Web page caption snippets:

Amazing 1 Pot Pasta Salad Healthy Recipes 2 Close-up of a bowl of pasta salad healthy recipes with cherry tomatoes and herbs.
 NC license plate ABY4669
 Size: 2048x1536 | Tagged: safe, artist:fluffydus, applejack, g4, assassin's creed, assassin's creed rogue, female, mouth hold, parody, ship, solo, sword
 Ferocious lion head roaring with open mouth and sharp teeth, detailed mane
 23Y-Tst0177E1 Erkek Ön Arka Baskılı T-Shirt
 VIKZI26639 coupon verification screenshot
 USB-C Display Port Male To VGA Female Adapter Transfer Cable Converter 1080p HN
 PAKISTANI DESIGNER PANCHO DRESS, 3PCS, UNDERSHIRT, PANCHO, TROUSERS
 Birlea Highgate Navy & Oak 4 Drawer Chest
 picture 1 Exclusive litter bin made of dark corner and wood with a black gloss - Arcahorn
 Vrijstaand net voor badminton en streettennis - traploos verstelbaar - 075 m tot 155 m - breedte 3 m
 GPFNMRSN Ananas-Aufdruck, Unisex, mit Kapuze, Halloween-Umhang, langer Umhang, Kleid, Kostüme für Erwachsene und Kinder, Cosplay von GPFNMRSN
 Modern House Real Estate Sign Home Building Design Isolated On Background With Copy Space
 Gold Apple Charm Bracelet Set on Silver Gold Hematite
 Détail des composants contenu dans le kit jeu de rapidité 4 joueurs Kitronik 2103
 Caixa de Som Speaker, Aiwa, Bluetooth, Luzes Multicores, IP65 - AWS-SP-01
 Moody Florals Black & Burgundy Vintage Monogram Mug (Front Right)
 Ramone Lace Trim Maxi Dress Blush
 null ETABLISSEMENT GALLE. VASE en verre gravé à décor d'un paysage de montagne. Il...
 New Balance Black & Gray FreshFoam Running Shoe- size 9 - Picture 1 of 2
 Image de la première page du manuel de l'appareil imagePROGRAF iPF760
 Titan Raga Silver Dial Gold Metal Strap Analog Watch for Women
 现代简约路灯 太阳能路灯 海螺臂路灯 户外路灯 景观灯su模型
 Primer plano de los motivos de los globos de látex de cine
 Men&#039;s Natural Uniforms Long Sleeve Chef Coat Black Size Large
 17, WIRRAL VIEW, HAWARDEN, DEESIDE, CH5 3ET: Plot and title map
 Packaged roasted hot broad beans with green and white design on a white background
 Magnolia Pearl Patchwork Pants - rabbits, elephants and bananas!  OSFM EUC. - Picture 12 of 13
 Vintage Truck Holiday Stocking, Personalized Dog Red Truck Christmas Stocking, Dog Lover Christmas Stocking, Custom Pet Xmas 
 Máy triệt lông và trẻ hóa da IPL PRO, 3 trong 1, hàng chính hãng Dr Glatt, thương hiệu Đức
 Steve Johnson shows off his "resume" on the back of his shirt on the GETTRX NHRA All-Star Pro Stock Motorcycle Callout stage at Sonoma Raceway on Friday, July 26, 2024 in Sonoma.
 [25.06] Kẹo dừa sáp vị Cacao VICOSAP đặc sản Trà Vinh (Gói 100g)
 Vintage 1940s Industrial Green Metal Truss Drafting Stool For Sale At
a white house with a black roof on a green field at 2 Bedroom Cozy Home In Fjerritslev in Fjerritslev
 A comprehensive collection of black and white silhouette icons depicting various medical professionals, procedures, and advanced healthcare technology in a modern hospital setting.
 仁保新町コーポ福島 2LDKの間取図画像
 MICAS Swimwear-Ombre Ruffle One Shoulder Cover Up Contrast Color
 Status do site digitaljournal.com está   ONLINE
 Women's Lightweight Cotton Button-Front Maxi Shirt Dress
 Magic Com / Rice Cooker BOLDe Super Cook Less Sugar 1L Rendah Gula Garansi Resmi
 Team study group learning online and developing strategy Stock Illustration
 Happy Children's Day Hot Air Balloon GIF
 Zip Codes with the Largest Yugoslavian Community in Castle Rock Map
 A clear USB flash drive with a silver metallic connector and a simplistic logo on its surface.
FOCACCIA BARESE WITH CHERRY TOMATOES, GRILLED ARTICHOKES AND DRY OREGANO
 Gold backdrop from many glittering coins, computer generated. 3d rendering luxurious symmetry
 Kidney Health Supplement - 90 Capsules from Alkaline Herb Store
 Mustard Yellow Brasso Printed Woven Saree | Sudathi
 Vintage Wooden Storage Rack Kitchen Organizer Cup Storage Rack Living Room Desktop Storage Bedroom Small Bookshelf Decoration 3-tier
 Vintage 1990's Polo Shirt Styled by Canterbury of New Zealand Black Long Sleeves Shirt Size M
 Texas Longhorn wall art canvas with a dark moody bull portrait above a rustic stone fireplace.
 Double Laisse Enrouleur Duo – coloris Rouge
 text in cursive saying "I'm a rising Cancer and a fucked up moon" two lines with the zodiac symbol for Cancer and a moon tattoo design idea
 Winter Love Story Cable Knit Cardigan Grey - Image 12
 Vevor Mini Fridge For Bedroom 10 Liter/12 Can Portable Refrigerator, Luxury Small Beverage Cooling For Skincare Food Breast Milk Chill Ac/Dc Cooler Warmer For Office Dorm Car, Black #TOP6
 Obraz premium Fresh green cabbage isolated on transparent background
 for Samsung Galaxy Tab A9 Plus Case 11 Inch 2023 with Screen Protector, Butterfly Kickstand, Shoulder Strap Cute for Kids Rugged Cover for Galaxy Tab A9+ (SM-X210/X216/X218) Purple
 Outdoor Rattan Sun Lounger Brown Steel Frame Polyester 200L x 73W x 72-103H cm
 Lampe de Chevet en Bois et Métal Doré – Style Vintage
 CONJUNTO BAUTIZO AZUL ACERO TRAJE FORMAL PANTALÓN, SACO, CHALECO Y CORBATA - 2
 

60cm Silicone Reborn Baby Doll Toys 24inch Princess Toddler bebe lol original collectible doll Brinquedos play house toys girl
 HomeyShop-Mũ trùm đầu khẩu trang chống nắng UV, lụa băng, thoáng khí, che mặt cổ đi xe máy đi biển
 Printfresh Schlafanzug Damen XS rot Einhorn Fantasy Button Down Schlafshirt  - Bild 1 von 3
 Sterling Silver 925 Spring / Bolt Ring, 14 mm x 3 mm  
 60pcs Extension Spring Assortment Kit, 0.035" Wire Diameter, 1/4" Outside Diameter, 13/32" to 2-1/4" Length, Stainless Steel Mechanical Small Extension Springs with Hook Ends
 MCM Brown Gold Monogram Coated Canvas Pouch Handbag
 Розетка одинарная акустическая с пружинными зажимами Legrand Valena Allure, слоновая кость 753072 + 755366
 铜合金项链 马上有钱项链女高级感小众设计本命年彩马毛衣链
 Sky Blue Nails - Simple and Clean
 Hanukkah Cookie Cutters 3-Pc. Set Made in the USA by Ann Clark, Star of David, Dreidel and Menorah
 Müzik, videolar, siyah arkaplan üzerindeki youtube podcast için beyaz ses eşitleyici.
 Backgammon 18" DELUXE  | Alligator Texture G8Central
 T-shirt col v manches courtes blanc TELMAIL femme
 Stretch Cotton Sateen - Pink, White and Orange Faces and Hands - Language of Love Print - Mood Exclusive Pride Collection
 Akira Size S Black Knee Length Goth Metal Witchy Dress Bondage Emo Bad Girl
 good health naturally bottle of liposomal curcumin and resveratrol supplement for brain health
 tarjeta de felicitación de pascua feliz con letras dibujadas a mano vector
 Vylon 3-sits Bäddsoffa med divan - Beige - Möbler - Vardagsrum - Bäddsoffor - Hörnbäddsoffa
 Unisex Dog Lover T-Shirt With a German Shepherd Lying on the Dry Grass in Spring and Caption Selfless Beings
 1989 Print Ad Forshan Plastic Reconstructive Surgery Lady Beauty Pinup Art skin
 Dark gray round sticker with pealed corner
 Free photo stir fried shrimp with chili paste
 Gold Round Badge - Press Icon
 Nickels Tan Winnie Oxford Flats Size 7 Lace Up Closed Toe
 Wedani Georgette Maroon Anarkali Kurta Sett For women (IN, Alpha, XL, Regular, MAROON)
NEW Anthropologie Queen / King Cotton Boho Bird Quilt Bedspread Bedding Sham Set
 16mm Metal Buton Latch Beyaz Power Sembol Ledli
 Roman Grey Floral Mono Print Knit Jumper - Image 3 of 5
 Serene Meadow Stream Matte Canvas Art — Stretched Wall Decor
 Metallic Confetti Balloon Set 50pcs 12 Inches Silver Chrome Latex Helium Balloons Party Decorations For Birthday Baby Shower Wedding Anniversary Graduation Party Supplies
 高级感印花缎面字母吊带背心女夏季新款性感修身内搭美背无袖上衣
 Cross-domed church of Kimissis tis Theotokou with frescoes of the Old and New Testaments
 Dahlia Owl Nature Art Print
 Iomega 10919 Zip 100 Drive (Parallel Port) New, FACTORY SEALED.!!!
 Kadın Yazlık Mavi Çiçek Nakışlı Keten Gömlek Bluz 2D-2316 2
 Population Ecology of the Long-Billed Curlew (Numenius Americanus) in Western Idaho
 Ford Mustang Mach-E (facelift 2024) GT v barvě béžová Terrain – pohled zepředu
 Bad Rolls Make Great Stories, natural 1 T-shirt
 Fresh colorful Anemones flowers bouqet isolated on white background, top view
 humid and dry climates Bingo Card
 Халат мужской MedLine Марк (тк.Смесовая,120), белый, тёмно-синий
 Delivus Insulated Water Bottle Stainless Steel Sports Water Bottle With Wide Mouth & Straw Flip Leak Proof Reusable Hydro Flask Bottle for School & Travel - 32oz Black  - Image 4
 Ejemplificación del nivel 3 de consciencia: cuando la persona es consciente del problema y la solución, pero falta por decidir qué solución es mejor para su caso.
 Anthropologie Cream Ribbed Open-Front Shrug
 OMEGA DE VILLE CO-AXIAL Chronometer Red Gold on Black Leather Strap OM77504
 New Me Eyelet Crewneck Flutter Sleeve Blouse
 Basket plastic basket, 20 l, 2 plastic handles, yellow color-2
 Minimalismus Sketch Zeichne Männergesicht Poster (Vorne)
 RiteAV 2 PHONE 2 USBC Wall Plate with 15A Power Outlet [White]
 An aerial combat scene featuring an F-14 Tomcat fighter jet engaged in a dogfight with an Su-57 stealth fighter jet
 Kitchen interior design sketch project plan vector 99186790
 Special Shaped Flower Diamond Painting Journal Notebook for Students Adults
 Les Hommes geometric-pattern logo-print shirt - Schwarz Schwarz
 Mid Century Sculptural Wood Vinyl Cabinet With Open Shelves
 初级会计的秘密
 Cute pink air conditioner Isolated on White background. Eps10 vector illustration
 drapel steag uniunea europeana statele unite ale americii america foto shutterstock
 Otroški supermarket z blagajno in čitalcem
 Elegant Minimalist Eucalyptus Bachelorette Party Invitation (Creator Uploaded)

- WHAT TO PRODUCE -
When you reach the line that contains "Primer plano de", stop; that line and every line before it, from the very first line of the data, should be restated word for word.

- ANSWER FOR THIS EXERCISE -
Amazing 1 Pot Pasta Salad Healthy Recipes 2 Close-up of a bowl of pasta salad healthy recipes with cherry tomatoes and herbs.
 NC license plate ABY4669
 Size: 2048x1536 | Tagged: safe, artist:fluffydus, applejack, g4, assassin's creed, assassin's creed rogue, female, mouth hold, parody, ship, solo, sword
 Ferocious lion head roaring with open mouth and sharp teeth, detailed mane
 23Y-Tst0177E1 Erkek Ön Arka Baskılı T-Shirt
 VIKZI26639 coupon verification screenshot
 USB-C Display Port Male To VGA Female Adapter Transfer Cable Converter 1080p HN
 PAKISTANI DESIGNER PANCHO DRESS, 3PCS, UNDERSHIRT, PANCHO, TROUSERS
 Birlea Highgate Navy & Oak 4 Drawer Chest
 picture 1 Exclusive litter bin made of dark corner and wood with a black gloss - Arcahorn
 Vrijstaand net voor badminton en streettennis - traploos verstelbaar - 075 m tot 155 m - breedte 3 m
 GPFNMRSN Ananas-Aufdruck, Unisex, mit Kapuze, Halloween-Umhang, langer Umhang, Kleid, Kostüme für Erwachsene und Kinder, Cosplay von GPFNMRSN
 Modern House Real Estate Sign Home Building Design Isolated On Background With Copy Space
 Gold Apple Charm Bracelet Set on Silver Gold Hematite
 Détail des composants contenu dans le kit jeu de rapidité 4 joueurs Kitronik 2103
 Caixa de Som Speaker, Aiwa, Bluetooth, Luzes Multicores, IP65 - AWS-SP-01
 Moody Florals Black & Burgundy Vintage Monogram Mug (Front Right)
 Ramone Lace Trim Maxi Dress Blush
 null ETABLISSEMENT GALLE. VASE en verre gravé à décor d'un paysage de montagne. Il...
 New Balance Black & Gray FreshFoam Running Shoe- size 9 - Picture 1 of 2
 Image de la première page du manuel de l'appareil imagePROGRAF iPF760
 Titan Raga Silver Dial Gold Metal Strap Analog Watch for Women
 现代简约路灯 太阳能路灯 海螺臂路灯 户外路灯 景观灯su模型
 Primer plano de los motivos de los globos de látex de cine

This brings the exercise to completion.